Sólo respetan el sistema si todo se acomoda a sus convicciones. Es triste pero sus principios no toleran una simple prueba ácida. Es fácil defender instituciones cuando todo se ajusta a lo anhelado, pero la demostración empírica de que se cree en un determinado valor es justamente cuando lo que sucede no encaja con lo propio.
Son momentos difíciles. Los cambios pueden sacar de la zona de confort no solo a las clásicas corporaciones establecidas, sino también a los jugadores que parasitan desde una cuestionable dinámica. Quizás eso explique parcialmente el patético presente de esta nación.

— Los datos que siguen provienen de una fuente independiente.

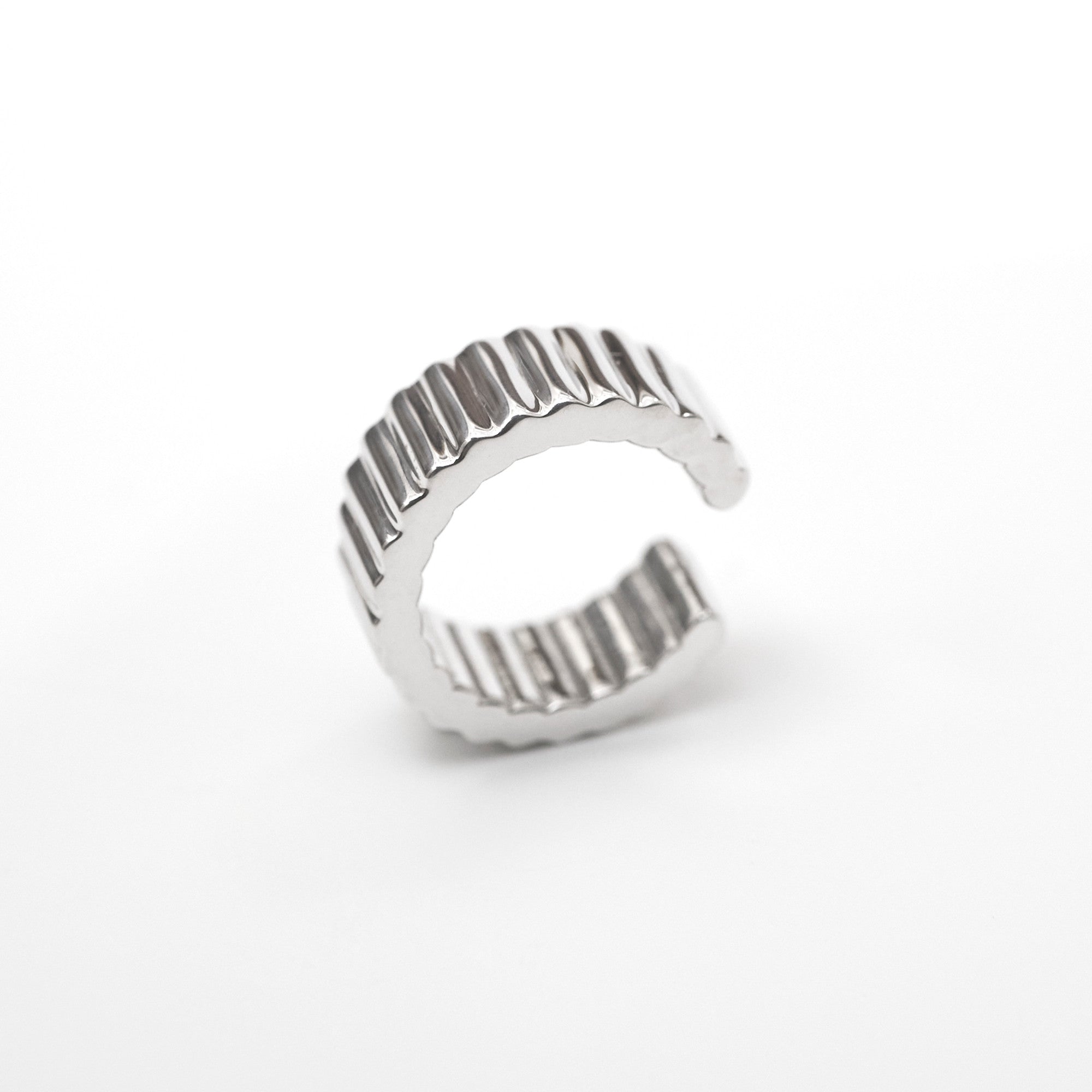 STRIPES EAR CUFF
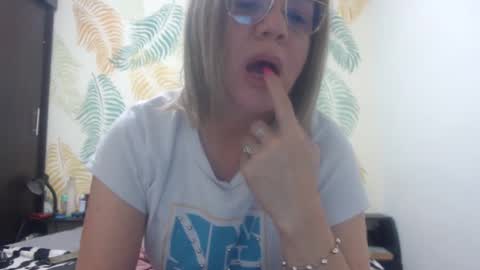 paloma online show from 09/17/25, 11:39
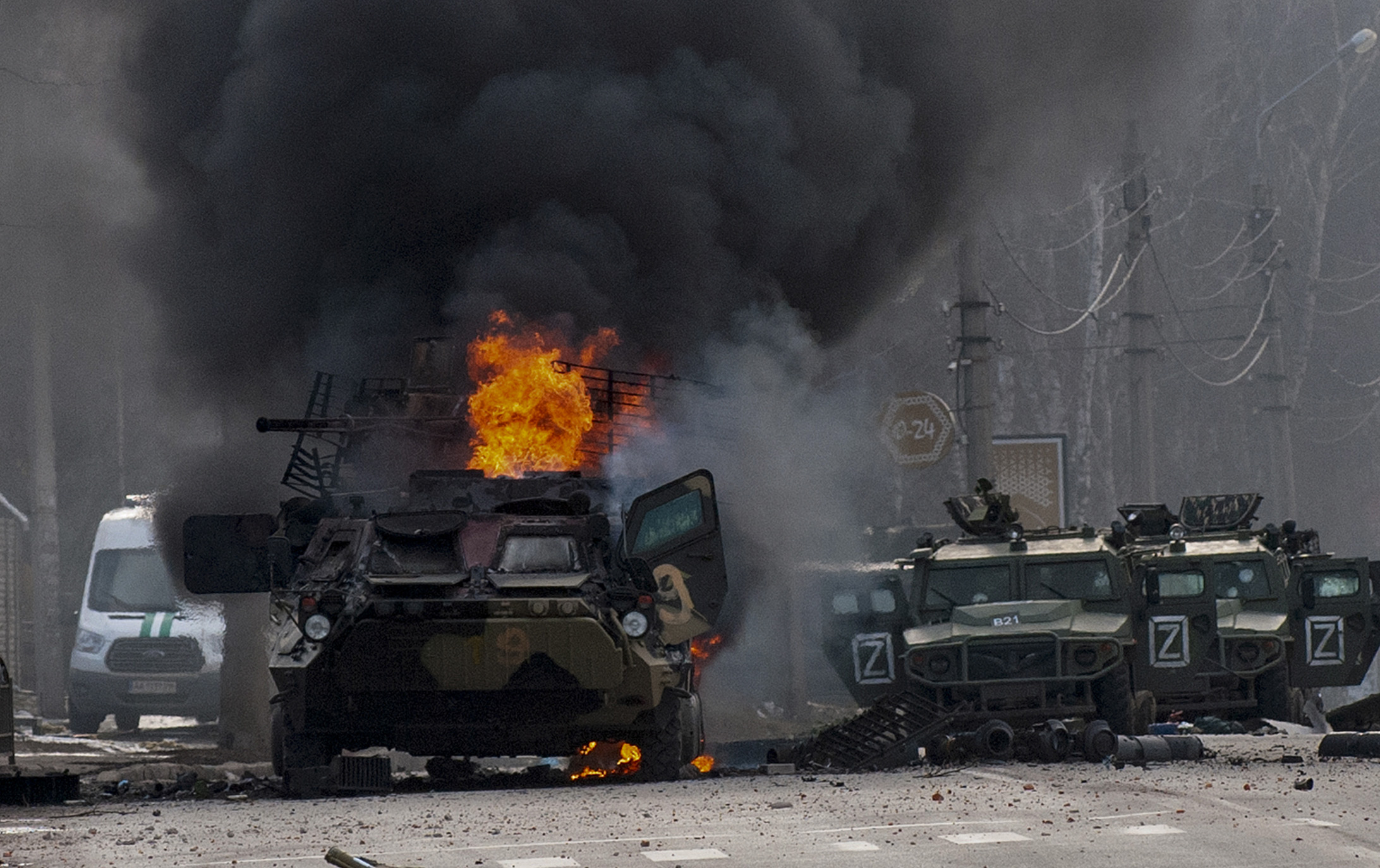 비트코인 軍자금, 머스크 스타링크… 이런 전쟁은 없었다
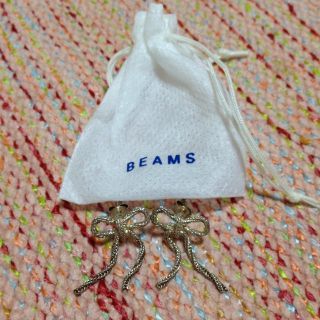 ビームス(BEAMS)のリボンピアス♫(ピアス)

No hay que “engancharse” en el juego de los que promueven el odio. Ni de una vereda ni de la otra. Esta visión simplista de que los malos están siempre sólo de un lado del mostrador puede ser muy temeraria además de esencialmente falaz.
Nadie tiene el monopolio de la razón, ni tampoco de la bondad. Los que vociferan discursos grandilocuentes desde falsos altares merecen ser analizados con mucho criterio y ecuanimidad, con sentido crítico y con la mayor imparcialidad que sea factible.
Parece muy difícil identificar a los que pueden “tirar la primera piedra”. En un ámbito tan crispado, con tanta agresividad verbal, los modales son sólo una parte de esa liturgia controversial. Cada uno con su estilo alimenta esa distancia y bombardea los puentes que sostienen la convivencia armónica.
El respeto por la democracia, por lo que piensa el otro y por su proyecto de vida no se recita, sino que se ejerce. Ser coherentes en esta era no es tarea sencilla. Si efectivamente se cree en ciertos valores que se verbalizan de manera grandilocuente pues va siendo hora de ponerle el cuerpo a lo dicho y trabajar por esa coexistencia de la que tanto se habla, independientemente de los vaivenes electorales.